◆ YOUR ASSIGNMENT:
Take from the data every line in which the word "Manual" is found.

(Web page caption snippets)
++++++++++++++++++++

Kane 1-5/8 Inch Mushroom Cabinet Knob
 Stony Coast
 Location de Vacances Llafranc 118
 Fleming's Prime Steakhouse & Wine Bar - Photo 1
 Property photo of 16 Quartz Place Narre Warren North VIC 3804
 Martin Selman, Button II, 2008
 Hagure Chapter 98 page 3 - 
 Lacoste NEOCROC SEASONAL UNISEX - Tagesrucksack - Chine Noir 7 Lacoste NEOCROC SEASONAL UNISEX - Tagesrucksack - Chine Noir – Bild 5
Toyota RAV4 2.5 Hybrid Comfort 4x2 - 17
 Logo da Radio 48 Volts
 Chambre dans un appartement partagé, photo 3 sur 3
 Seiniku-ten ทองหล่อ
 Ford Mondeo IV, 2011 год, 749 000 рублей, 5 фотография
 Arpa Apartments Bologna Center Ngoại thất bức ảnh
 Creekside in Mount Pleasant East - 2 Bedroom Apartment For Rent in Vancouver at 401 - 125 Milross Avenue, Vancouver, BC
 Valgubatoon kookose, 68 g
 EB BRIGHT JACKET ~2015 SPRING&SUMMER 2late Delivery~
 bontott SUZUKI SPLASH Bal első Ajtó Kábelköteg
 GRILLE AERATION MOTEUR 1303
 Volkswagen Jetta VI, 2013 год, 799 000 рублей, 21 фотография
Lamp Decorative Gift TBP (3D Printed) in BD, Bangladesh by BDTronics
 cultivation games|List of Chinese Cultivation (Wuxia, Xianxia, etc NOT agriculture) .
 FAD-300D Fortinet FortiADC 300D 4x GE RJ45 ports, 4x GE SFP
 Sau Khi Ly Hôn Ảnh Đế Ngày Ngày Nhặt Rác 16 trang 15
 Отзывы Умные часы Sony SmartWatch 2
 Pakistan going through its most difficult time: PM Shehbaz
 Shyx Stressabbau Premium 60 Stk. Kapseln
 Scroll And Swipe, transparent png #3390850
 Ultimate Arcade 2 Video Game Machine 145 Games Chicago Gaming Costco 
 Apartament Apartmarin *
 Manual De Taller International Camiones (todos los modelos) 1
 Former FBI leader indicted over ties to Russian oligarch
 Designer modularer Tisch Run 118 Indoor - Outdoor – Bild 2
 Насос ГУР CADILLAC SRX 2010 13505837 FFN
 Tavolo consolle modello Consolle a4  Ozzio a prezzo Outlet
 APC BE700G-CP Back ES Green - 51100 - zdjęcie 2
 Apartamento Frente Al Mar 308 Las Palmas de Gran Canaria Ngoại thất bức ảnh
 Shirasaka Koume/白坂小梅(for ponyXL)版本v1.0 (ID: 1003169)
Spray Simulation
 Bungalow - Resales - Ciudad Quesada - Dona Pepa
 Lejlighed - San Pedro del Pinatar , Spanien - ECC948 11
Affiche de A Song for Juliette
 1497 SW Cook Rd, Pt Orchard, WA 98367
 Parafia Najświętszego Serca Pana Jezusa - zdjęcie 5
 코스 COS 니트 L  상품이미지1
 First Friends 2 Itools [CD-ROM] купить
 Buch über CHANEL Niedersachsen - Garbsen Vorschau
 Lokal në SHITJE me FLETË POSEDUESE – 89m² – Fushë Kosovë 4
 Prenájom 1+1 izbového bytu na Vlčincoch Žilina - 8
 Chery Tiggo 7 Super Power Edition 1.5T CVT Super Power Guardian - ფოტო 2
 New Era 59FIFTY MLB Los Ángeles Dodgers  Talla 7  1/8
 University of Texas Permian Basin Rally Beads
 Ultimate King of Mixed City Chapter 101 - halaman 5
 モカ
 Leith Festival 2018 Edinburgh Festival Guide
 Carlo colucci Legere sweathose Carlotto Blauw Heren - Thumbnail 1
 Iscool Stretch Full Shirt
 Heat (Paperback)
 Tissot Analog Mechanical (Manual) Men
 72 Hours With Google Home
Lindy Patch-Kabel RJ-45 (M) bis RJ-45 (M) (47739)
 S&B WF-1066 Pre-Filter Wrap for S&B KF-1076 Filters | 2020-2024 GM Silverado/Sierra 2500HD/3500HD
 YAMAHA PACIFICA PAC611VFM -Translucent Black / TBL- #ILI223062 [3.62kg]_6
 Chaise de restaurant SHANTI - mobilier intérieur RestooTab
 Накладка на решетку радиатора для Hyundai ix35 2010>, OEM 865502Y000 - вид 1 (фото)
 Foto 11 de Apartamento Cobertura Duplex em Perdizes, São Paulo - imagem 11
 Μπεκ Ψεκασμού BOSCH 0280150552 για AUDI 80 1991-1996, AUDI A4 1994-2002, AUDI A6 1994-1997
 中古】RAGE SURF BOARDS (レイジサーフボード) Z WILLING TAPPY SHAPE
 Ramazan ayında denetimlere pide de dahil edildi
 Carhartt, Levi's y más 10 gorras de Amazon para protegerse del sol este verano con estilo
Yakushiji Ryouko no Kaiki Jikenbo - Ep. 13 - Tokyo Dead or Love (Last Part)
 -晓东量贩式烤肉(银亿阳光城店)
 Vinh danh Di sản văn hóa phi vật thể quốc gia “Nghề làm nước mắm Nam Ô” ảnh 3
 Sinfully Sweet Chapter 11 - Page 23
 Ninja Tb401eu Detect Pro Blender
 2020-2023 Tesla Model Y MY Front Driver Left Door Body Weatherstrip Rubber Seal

++++++++++++++++++++

◆ TASK RESULT:
 Manual De Taller International Camiones (todos los modelos) 1
 Tissot Analog Mechanical (Manual) Men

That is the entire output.